Pebble execs welcome imminent arrival of rival Apple Watch

16.03.2015
Pebble's CEO Eric Migicovsky and CTO Andrew White have welcomed the imminent launch of the Apple Watch next month despite it being a rival product to Pebble Time.

The Silicon Valley executives made their feelings on the Apple Watch known within days of each other at conferences on different sides of the Atlantic.

Speaking at the Wearable Technology Show in London last Wednesday, White said the launch of the Apple Watch is "something that a lot of people have been thinking about ever since the first announcement last fall."

He added: "We're really excited that Apple is entering the wearables space."

Meanwhile, Migicovsky told Macworld at the South by Southwest Interactive conference in Austin, Texas, over the weekend that he's "really glad Apple is getting into this space".

Pebble is already benefiting from the arrival of the Apple Watch, which is due to be released in the UK on 24 April.

Indeed, funding for the Pebble Time Kickstarter campaign rocketed from $6,000 (£4,000) per hour on Sunday 8 March to over $10,000 (£6,700) on Monday 9 March, after the Apple event had taken place. It climbed to $16,000 (£10,800) per hour on Tuesday 10 March, following Apple's press conference.

Migicovsky told former Y Combinator lead and investor Paul Graham that Kickstarter signups doubled following the Apple event.

I asked Eric what happened to the rate of Pebble's Kickstarter signups after the Apple Watch announcement. He said it doubled.

Hardware updates for the Pebble Time were announced two weeks prior to the Apple event in San Francisco and the Kickstarter campaign broke the record for the most funded campaign of all time within hours of its launch.

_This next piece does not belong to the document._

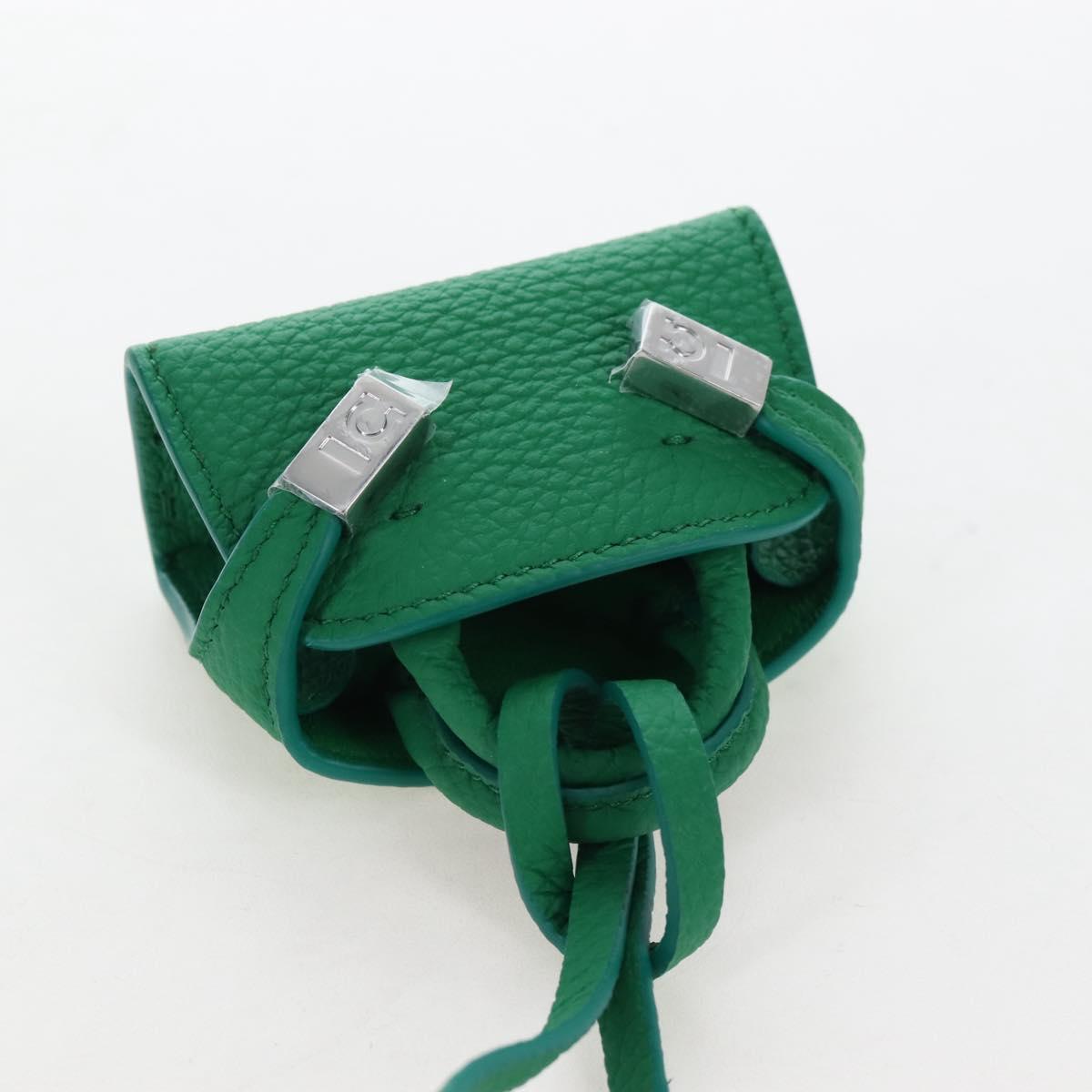 Salvatore Ferragamo Gancini Bag Charm Leather Green Silver Auth 167856M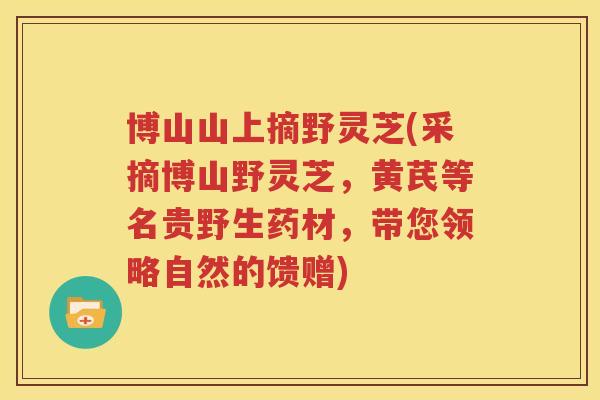 博山山上摘野灵芝(采摘博山野灵芝,黄芪等名贵野生药材,带您领略自然的馈赠) 博山山上摘野灵芝(采摘博山野灵芝,黄芪等名贵野生药材,带您领略自然的馈赠)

At the time of writing, the campaign had 72,910 backers who had pledged over $18.5 million (£12.5 million) between them. There are 11 days to go.

"Apple's event caused a nice spike in support for us, as anticipated," Migicovsky told TechCrunch. "When the biggest company in the world enters your market, that's the kind of validation you can only dream of. Ultimately the more awareness for smartwatches, and the more choice for consumers, the better for everyone. 2015 is going to be an extraordinarily exciting year."

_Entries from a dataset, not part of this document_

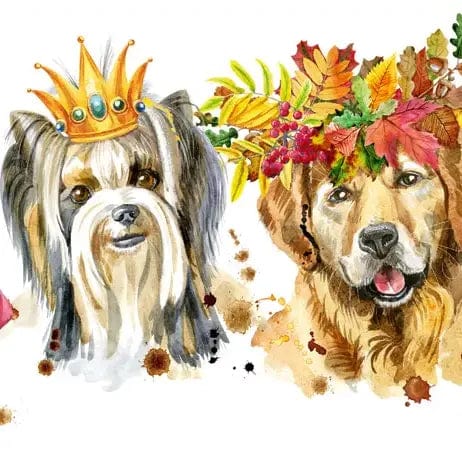 Pašlīmējošas fototapetes virtuvei - Laimīgi suņi (260x60 cm) Art4home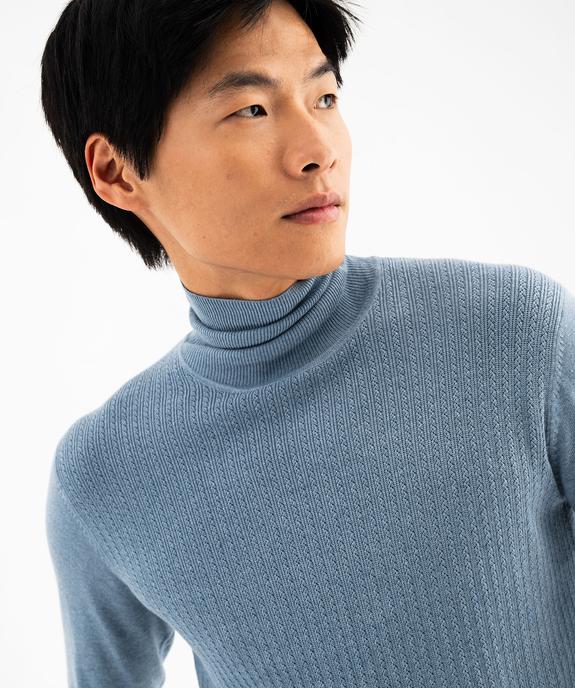 Pull fin à col roulé maille fantaisie sur l’avant homme vue2 - GEMO 4G HOMME - GEMO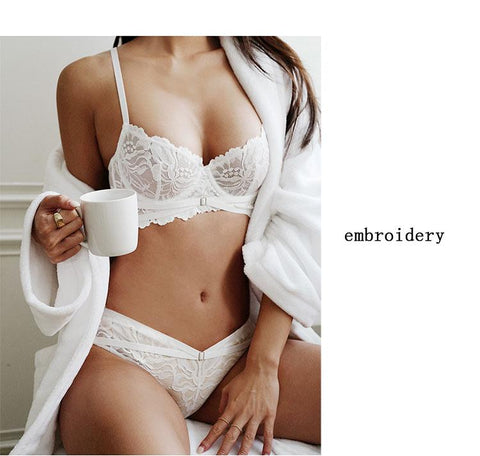 Women Ultra-thin Bra Set  Lace Sexy Underwear-WF00792-Veeddydropshipping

Pebble Time is due to be shipped with a new "timeline interface" that ditches the traditional app model most consumers have become familiar with.

White said: "The application based model works really well for smartphones but for smartwatches you're trying to do micro interactions that take 10 seconds or less or two seconds or less. Opening an app was a little too cumbersome."

The Pebble Time OS instead shows users what they should be doing, what they did in the past and what they're going to be doing in the future.